Why We Conduct Bug Bashes

My team recently finished what we call a “bug bash.”  That is, a period of time where we tell all of the test developers to put down their compilers and simply play with the product.  Usually a bug bash lasts a few days.  This particular one was 2 days long.  We often make a competition out of it and track bug opened numbers across the team with bragging rights or even prizes for those who come out on the top of the list.

Bug bashes are a time when everyone on the team is asked to spend all of their time conducting exploratory testing.  Sometimes managers will influence the direction by assigning people end-user scenarios or features to look at.  Other times the team is just let go and told to explore wherever they desire.  Experience has shown me that some direction can be good.  Assigning people to explore an area they don’t usually work on gets new eyes on the product and with new eyes come new use patterns and new bugs.  Recently I’ve also discovered that it can be helpful to track where people have spent their time.  During our last bug bash we created a list of areas that should be explored and had people sign off when they had investigated them.  This gives us a much better sense of just what the coverage looked like and allows us to ensure all areas received attention.
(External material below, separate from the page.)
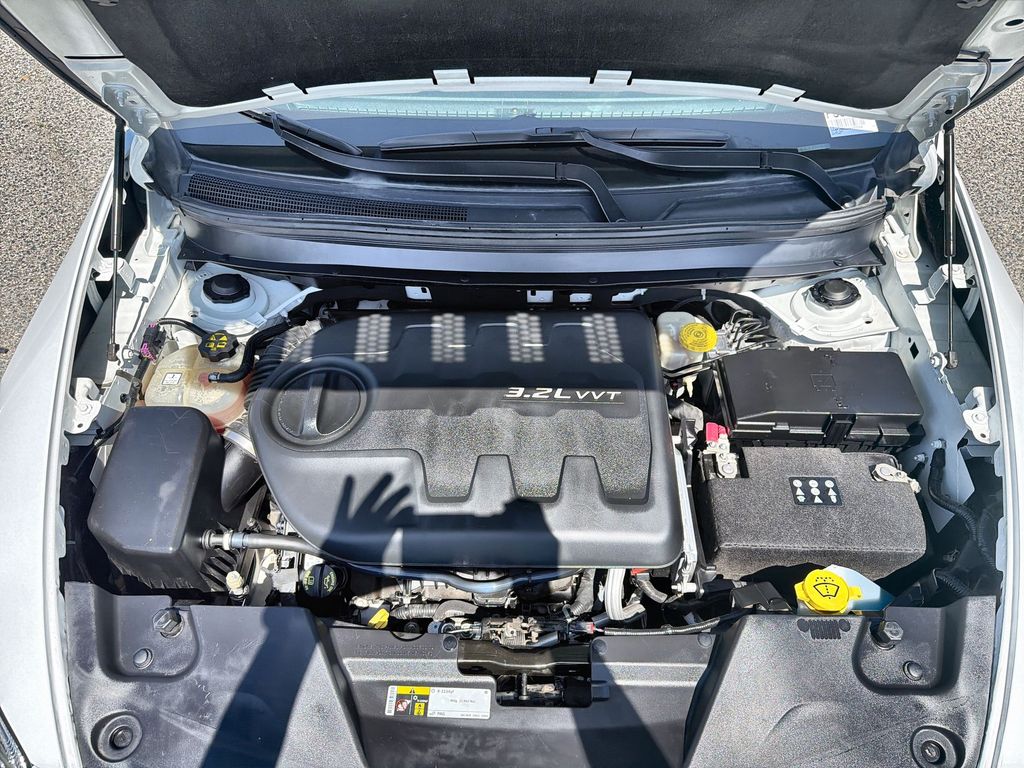 Used 2014 Jeep Cherokee - photo 19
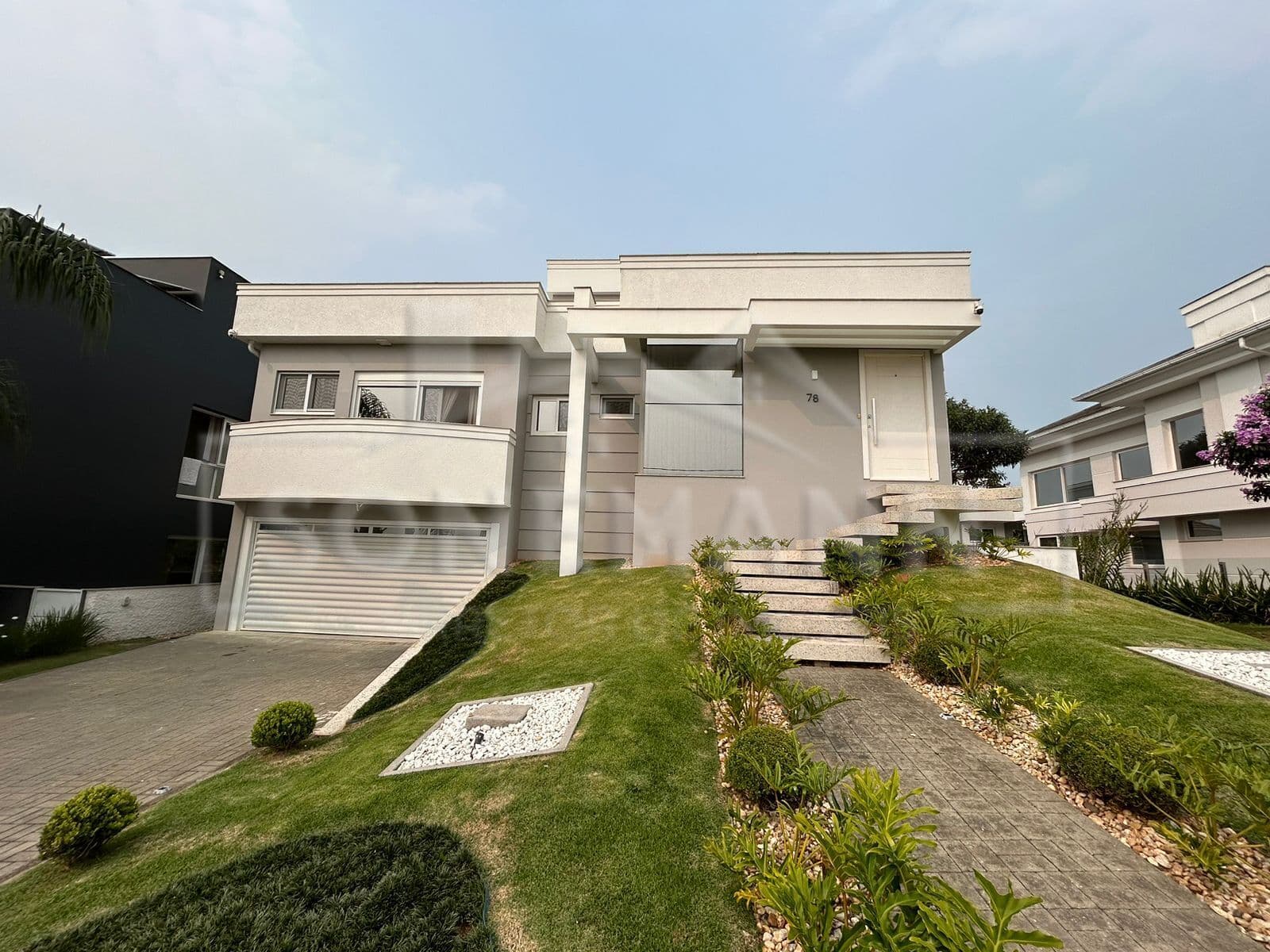 Casa de Condomínio em Palhoça - Praia de Fora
Conducting a bug bash can be expensive.  There is a lot of work to get done and putting everything else aside for 2 days adds up to a lot of other work getting pushed off.  Why do we do this?  What is the return on the investment?  There are three primary reasons that come to mind:

We have found that empirically, a bug bash flushes out a lot of bugs in a short period of time.  Our most recent bug bash saw the number of bugs opened jump to 400% of the daily average.  This is important because we frontload the finding of the bugs.  The earlier we know about bugs, the more likely we are to be able to fix them.  Knowing about more bugs also helps us make more informed triage decisions.

The second reason we conduct bug bashes is because they are likely to find bugs on the seams.  Test automation can only find certain kinds of bugs.  Exploratory testing is a much better way to find issues on the seams—where functional units join up.  Sometimes these bugs are the most critical.  Imagine if we could have found the Win7 MP3 bug or the interaction between playing audio and network throughput before shipping the respective products.  These are the sort of issues highly unlikely to be found in test automation but which can be found through exploratory testing.  We obviously don’t find all such issues through bug bashes, but we do find a lot.

The final reason we run bug bashes is to get a sense of the product.  Most of the time we spend our days focused on one small part of the operating system or another.  It’s hard to get a sense for the state of the forest while staring at individual trees.  After spending several days conducting exploratory tests on the product, we can get a much better sense whether the overall product is doing well or if there are serious issues.